Me calzo mis Slazenger (9,90 euros, gracias Currino), mi camiseta de legumbres Luengo, pantalón y calcetines modelo mercadillo vintage y, con ese atuendo deportivo, bajo a la rotonda de las monjitas del Asilo (mención especial al hijo de la madre de las pintadas) para comprarme un cartucho de churros bien tupío.

Debidamente pertrechado me voy al Camino del Peral a ingerirlo y que sea lo que Juan Méndez quiera. A este guay le deberían llamar Avenida de las Fuerzas y Cuerpos de Seguridad del Estado (FCSE), porque en el bar me encuentro desayunando a una pareja de policías municipales (no debe andar muy lejos el Pelín), cuatro guardias civiles y dos nacionales de la Nación Española (que dirían en Hidalgo y abogado). Y, miren ustedes por dónde, a mi ese hecho me enorgullece como emeritense.

Un pueblo en el que se puede desayunar tranquilamente en franca camaradería debería ser lo normal y cotidiano pero, tal y cómo están las cosas en esta piel ibérica (morlaca por el noreste) se ha convertido en algo extraordinario. Y, como dice el himno Mararo, Mérida tiene un encanto especial, una gente alucinante… por más que el tiempo pase… Un tiempo que no debería pasar para las pautas de comportamiento cívico y educado (a la portuguesa para entendernos) porque nada produce más alteración social que el incivismo.
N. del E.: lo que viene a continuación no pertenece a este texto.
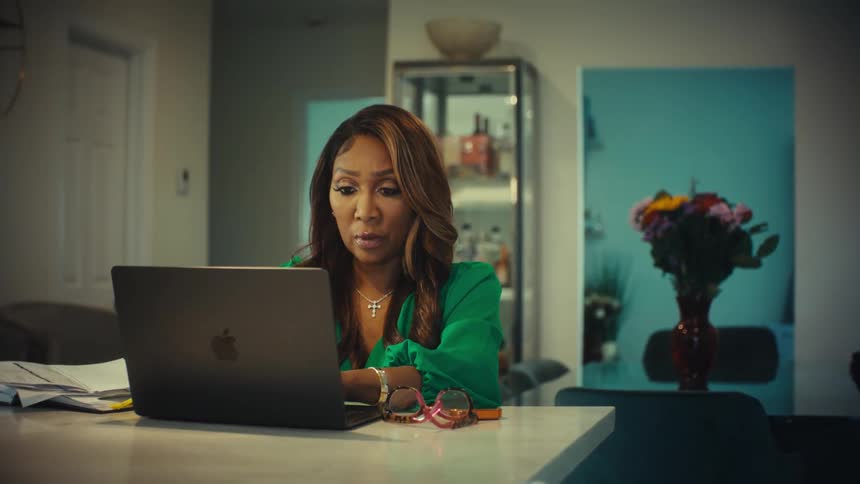 A professional African American woman in a green blouse works from home on her laptop at her modern kitchen island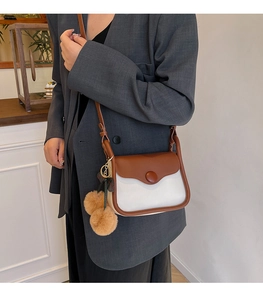 Detail of color-block crossbody square bag with brown pompom charm on a model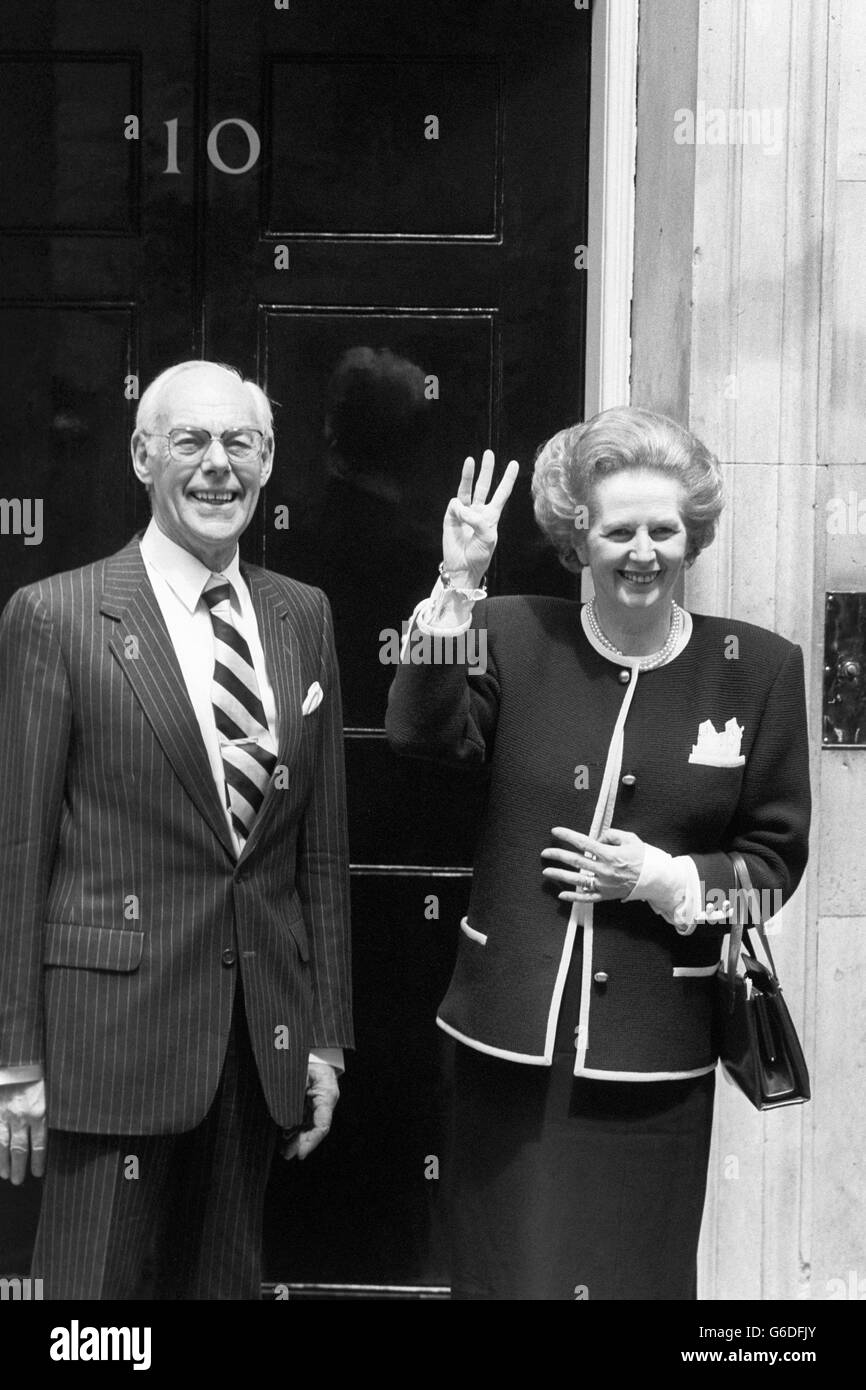 JUNE 11TH : On this day in 1987 Margaret Thatcher won a third term as Prime Minister after the Conservatives beat Labour by 376 seats to 229. Prime Minister Margaret Thatcher gives a three-fingered salute outside 10 Downing Street with her husband Denis as she begins her third successive term of office following the Conservative victory in the general election. Stock Photo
Y es que a veces da la impresión de que vivimos en una época en que la falsa convivencia está más extendida que la convivencia, por eso estos detalles ciudadanos emeritenses dicen mucho de mi pueblo (PERI aparte). Lo malo no es que los tiempos parezcan líquidos, sino que en algunos ambientes se han convertido en gaseosos.

Entono mi canto: ¡Hip, hip, hurra por las FCSE!, ¡Mi pueblo es!

¿Los churros? Para no hacer un desaire me pedí también unas tostadas de aceite y tomate y, cómo sería la cosa que Jaume el de la Grúa, que pasaba por allí, se ofreció a llevarme.